After taking gold at the 2016 Rio Games, Maroulis briefly retired in 2019 during a two-year stretch in which she dealt with concussions and post-traumatic stress disorder. The film focuses on that period and her successful bid to return and qualify for the Tokyo Games, where she took bronze.

In a poignant moment in the film, Maroulis described her “rock bottom” — being hospitalized for suicidal ideations.

In an interview, Maroulis said she was first approached about the project in 2018, the same year she had her first life-changing concussion that January. A wrestling partner’s mother was connected to director Dylan Mulick.

Maroulis agreed to the film in part to help spread mental health awareness in sports. Later, she cried while watching the 2020 HBO film, “The Weight of Gold,” on the mental health challenges that other Olympians faced, because it resonated with her so much.

“When you’re going through something, it sometimes gives you an anchor of hope to know that someone’s been through it before, and they’ve overcome it,” she said.

Maroulis’ comeback story hit a crossroads at the Olympic trials in April 2021, where the winner of a best-of-three finals series in each weight class made Team USA.

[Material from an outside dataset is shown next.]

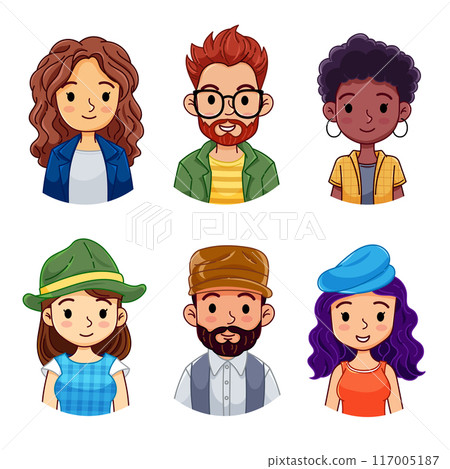 Set of smiling people avatar. Different men and women characters portrait 117005187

Maroulis won the opening match against Jenna Burkert, but then lost the second match. Statistically, a wrestler who loses the second match in a best-of-three series usually loses the third. But Maroulis pinned Burkert just 22 seconds into the rubber match to clinch the Olympic spot.

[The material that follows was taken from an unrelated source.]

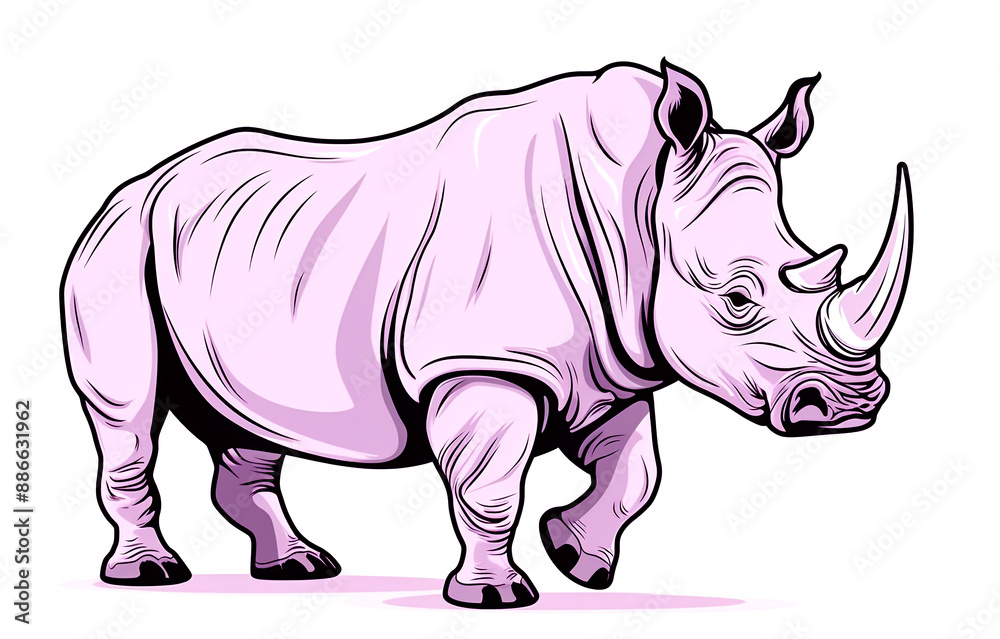 Obraz premium Pink rhino with black stripes For logos and various designs, white background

Shen then revealed that she tore an MCL two weeks earlier.

“They told me I would have to be in a brace for six weeks,” she said then. “I said, ‘I don’t have that. I have two and a half.’”

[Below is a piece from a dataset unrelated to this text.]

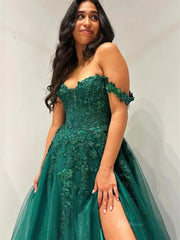 Green Sparkly Tulle Prom Dresses with Slit Off the Shoulder Formal Dress - FD5177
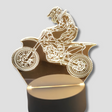 Motocross LED Night Light  3D Geometric Design - Product showcase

Maroulis said she later asked the director what would have happened if she didn’t make the team for Tokyo. She was told the film still have been done.

“He had mentioned this isn’t about a sports story or sports comeback story,” Maroulis said. “This is about a human story. And we’re using wrestling as the vehicle to tell this story of overcoming and healing and rediscovering oneself.”

Maroulis said she was told that, during filming, the project was pitched to the production company of actor Chris Pratt, who wrestled in high school in Washington. Pratt signed on as a producer.

“Wrestling has made an impact on his life, and so he wants to support these kinds of stories,” said Maroulis, who appeared at last month’s Santa Barbara Film Festival with Pratt.

Pratt said he knew about Maroulis before learning about the film, which he said “needed a little help to get it over the finish line,” according to a public relations company promoting the film.

The film also highlights the rest of the six-woman U.S. Olympic wrestling team in Tokyo. Four of the six won a medal, including Tamyra Mensah-Stock‘s gold.

“I was excited to be part of, not just (Maroulis’) incredible story, but also helping to further advance wrestling and, in particular, female wrestling,” Pratt said, according to responses provided by the PR company from submitted questions. “To me, the most compelling part of Helen’s story is the example of what life looks like after a person wins a gold medal. The inevitable comedown, the trauma around her injuries, the PTSD, the drive to continue that is what makes her who she is.”

Maroulis, who now trains in Arizona, hopes to qualify for this year’s world championships and next year’s Olympics.

“I try to treat every Games as my last,” she said. “Now I’m leaning toward being done [after 2024], but never say never.”